1. Field of the Disclosure
The present disclosure relates to a laser system operative to output light at stabilized wavelengths and provide emitter protection from backreflected light.
2. Prior Art Discussion
There are several types of lasers, including gas lasers, solid-state lasers, liquid (dye) lasers, free electron, and semiconductor lasers. All lasers have a laser cavity defined by an optical gain medium in the laser cavity and a method for providing optical feedback. The gain medium amplifies electromagnetic waves (light) in the cavity by stimulated emission, thereby providing optical gain.
A semiconductor active region serves as the gain medium of semiconductor lasers which are used for a variety of industrial and scientific applications. In use, semiconductor lasers are attractive for forming a source of optical energy due to, among others, a space- and wall-plug efficient configuration.
Semiconductor lasers, like the rest of optoelectronic devices, have to meet very stringent requirements. As known to one of ordinary skills in the laser arts, semiconductor lasers have the inherent problem of wavelength uncertainty of output light dependence from temperature and driving current due to the large spectral width of their gain media. In certain applications, particularly those that require high powers including, among others, material processing, military and others, such a wavelength fluctuation is highly undesirable.
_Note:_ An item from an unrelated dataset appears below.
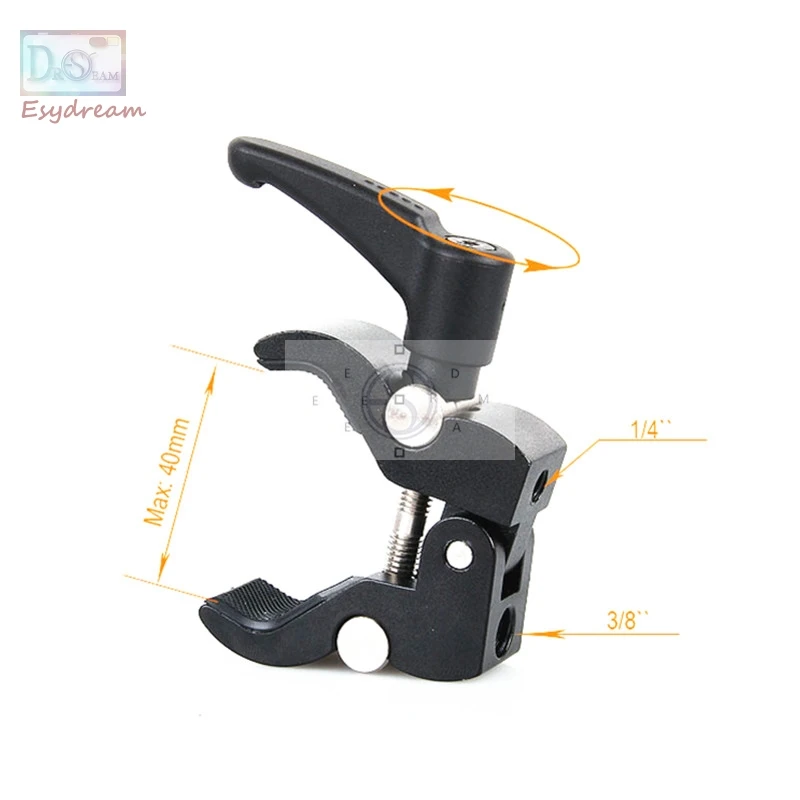 

Small Size Articulating Adjustable Super Clamp Crab Pliers Clip Mount for Magic Friction Arm DSLR Rig Light pt043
One well-known means for stabilizing a wavelength involves coupling an external spectrally-selective component, such as a Bragg mirror, to a gain chip at the output facet thereof. Such a configuration is known as a Distributed Bragg Reflector (DBR) laser with a Bragg reflector mirror defining an external cavity with the input faucet of the gain chip.
FIG. 1 illustrates plots of wavelengths with and without the use of the volume Bragg mirror. As can be seen, the Bragg volume mirror narrows the emission spectrum of the chip output and conditions the chip to operate at the resonant frequency of the volume Bragg mirror above the threshold of lasing.
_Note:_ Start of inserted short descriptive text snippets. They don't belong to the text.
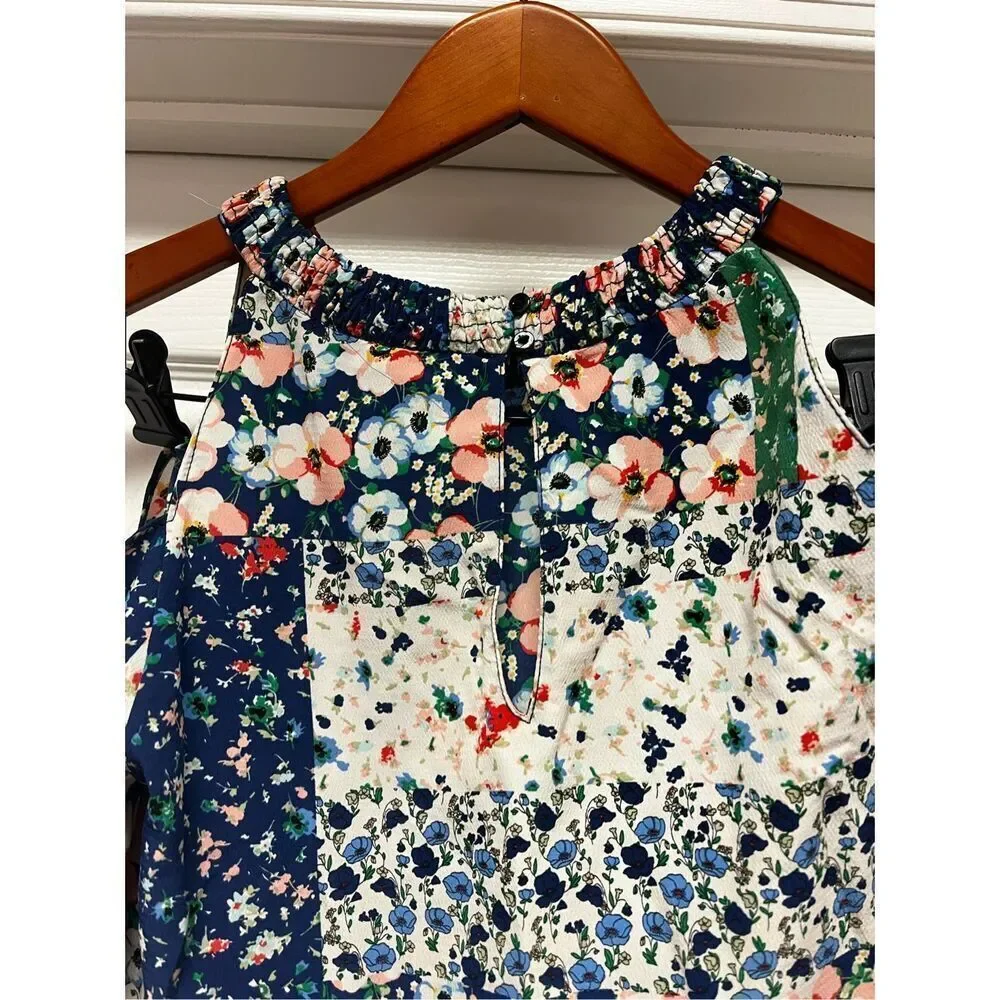 Zara Blue Floral Patchwork Cold Shoulder Boho Festival Dress sz XS EUC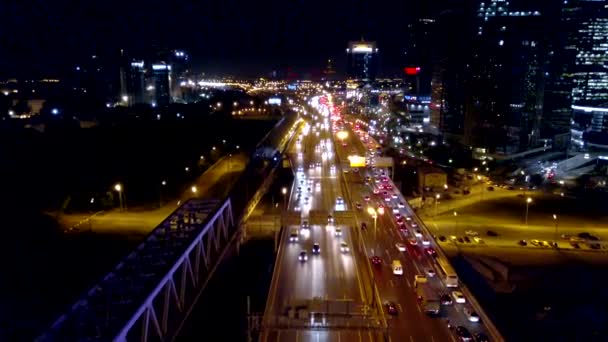 Vue Aérienne Sur Trafic Routier Moscou Nuit — Video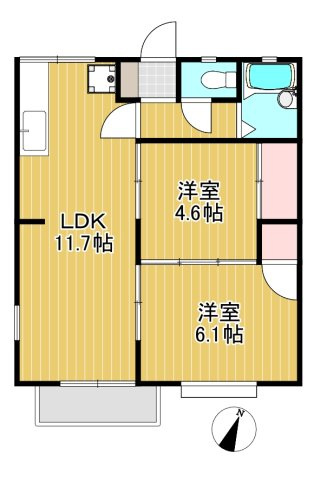 エメラルドハイツの間取り|※間取りは角部屋のもの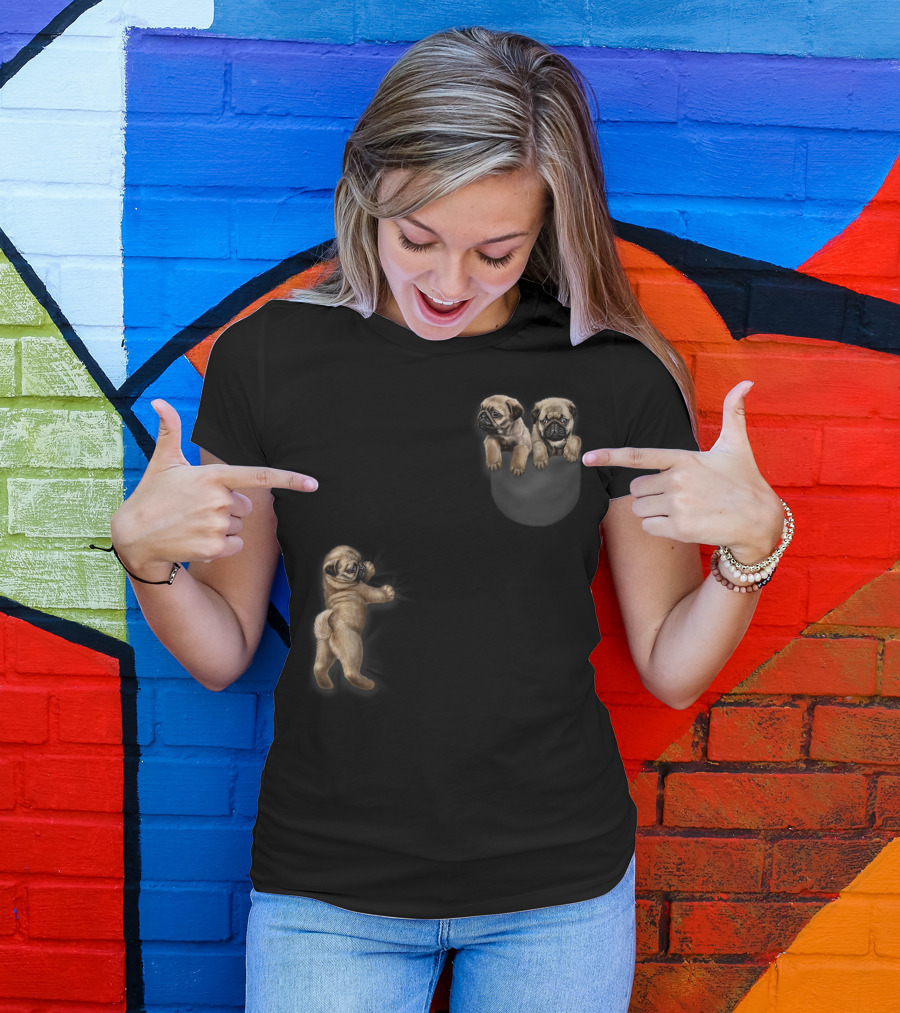 Cute Sleepy Pug Hang Out In Pocket Dog Playful Pug Puppies T-Shirt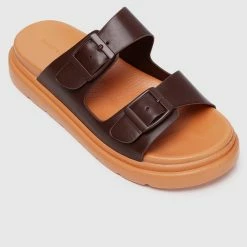 Milliot & Co Kendall Open Toe Sandals & Flip Flops (Dark Orange)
As light is radiated by a gain element, such as a laser diode, it impinges upon a variety of barriers including a spectrally-selective unit provided with a mirror, such as volume Bragg mirror. The spectrally-selective unit is configured with piece of photosensitive material having the Bragg mirror recorded therein in accordance with techniques disclosed in patent application publications which are assigned to PD-LD, Inc, ONPAX and others and too numerous to be individually listed here. While, the reflection of light at the resonant frequency from the Bragg mirror into the internal cavity of the laser diode is essential for a stabilized operation of the gain element, other frequencies backreflected into the internal cavity are highly undesirable. Some of the light emitted by the gain element is incident upon the photosensitive material before it hits the Bragg mirror. In the configurations of the known prior art, the material reflects a portion of chip-emitted light back into the inner cavity, thereby detrimentally affecting the operation of the gain element.
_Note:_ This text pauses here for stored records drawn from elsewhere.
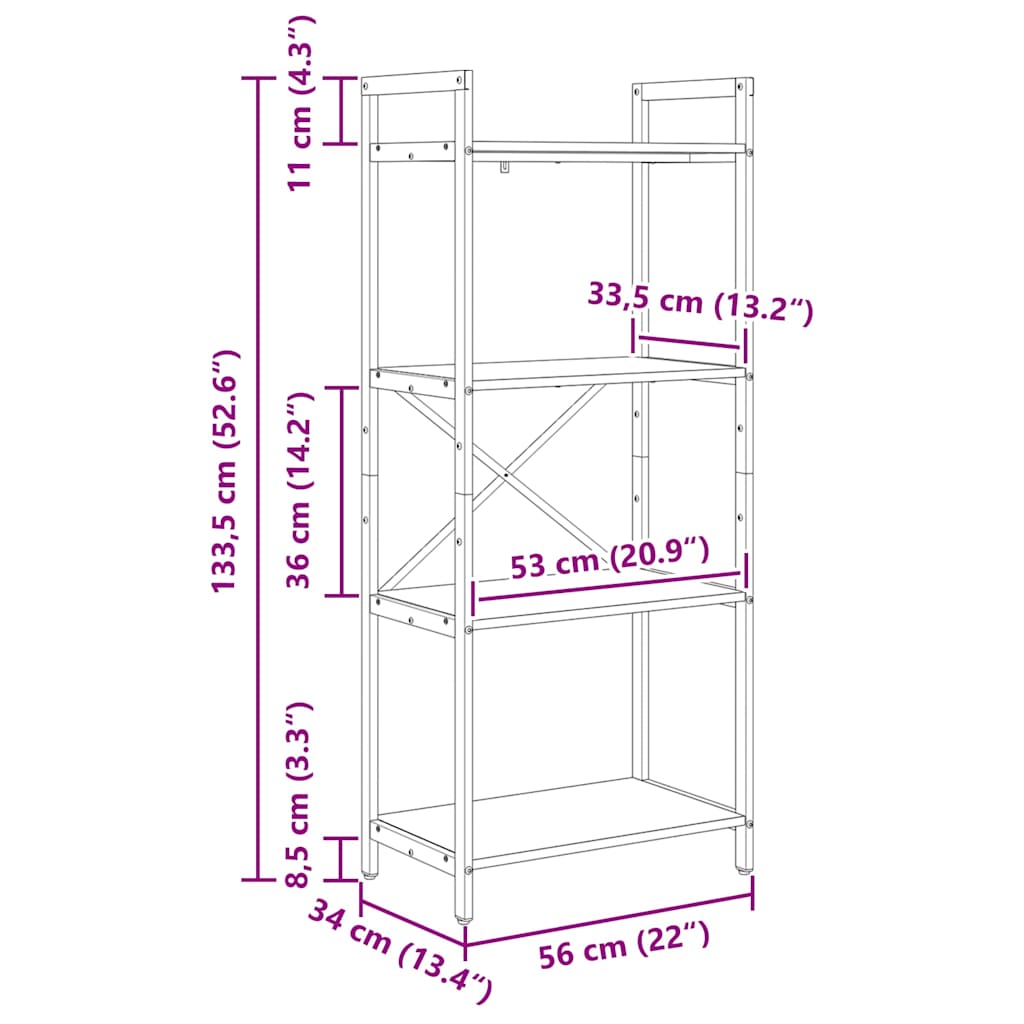 Boekenkast Oud Hout 56 x 34 x 133,5 cm Bewerkt hout is nu te koop bij PeponiXL, paradijselijk wonen!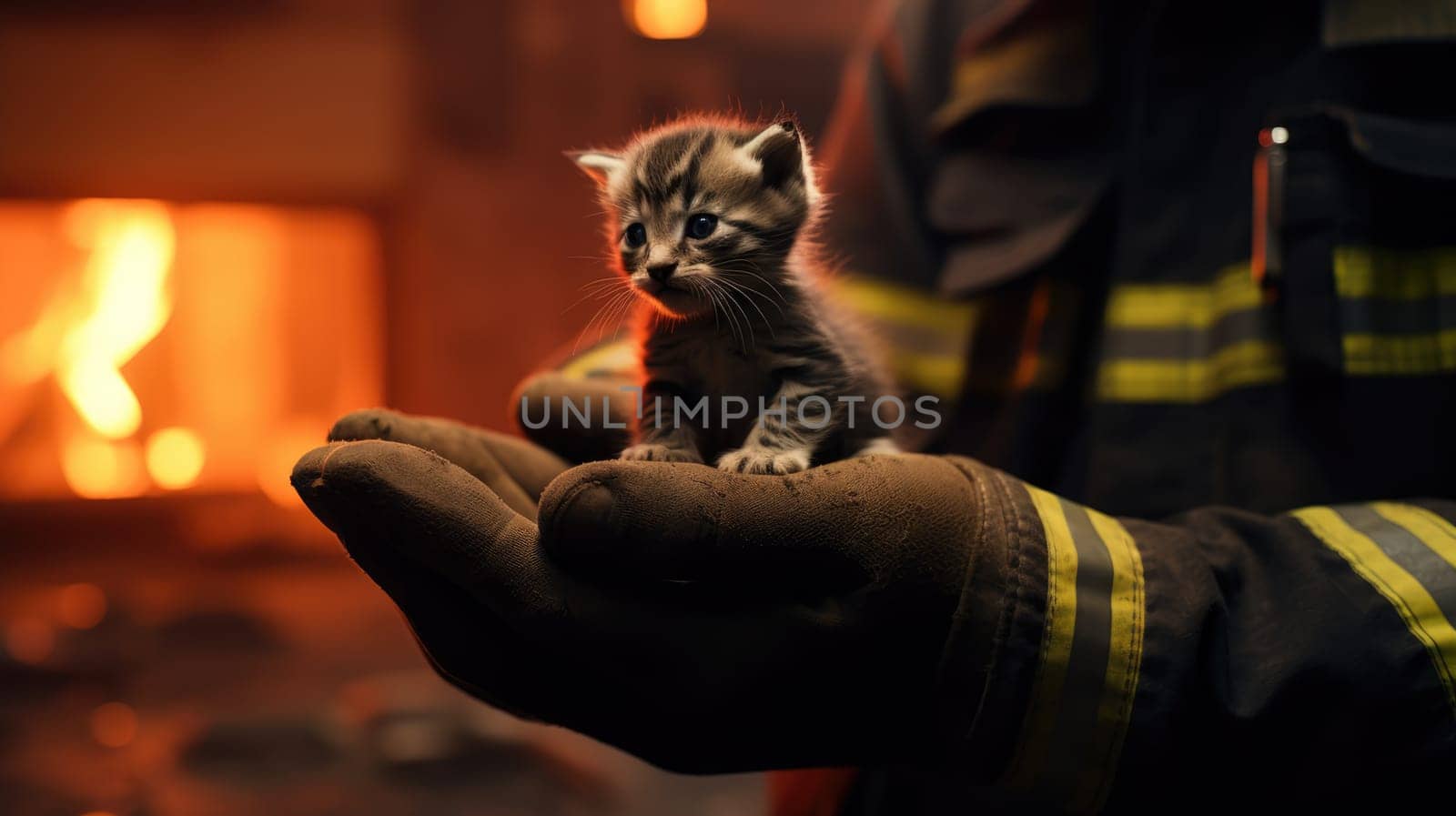 A brave firefighter holds a tiny kitten in the palm of his hand after rescuing it from a burning building. The kitten is scared but unharmed, and the firefighter is smiling in relief.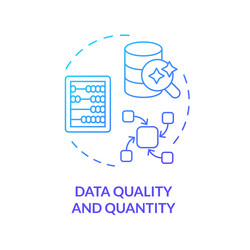 thin line gradient data quality and quantity icon vector image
The light backreflected by material hosting a Bragg mirror, also known as chirped volume Bragg grating, is not the only light that may be backreflected back into the internal cavity. A signal light generated by a laser system, pumped by the gain element, is capable of backreflecting onto the internal cavity of the gain element as well. The ever-increasing power of gain elements, such as laser diodes, satisfying the industrial demands, is associated with powerful backreflected light signals. Typically, to prevent propagation of the laser system signals into the internal cavity of the gain element, optical isolators are placed downstream from the gain element. The isolators adequately protect the internal cavity but at the increased cost and complexity of the entire laser system.
Accordingly, what is needed is a gain element having a safeguard mechanism which is operative to prevent propagation of parasitic backreflected light generated by the gain element into the internal cavity of the gain element, without, however, rendering the entire structure cost-ineffective.
A further need exists for a configuration of laser system providing for the improved and cost-effective protection of a gain element from backreflected signal light.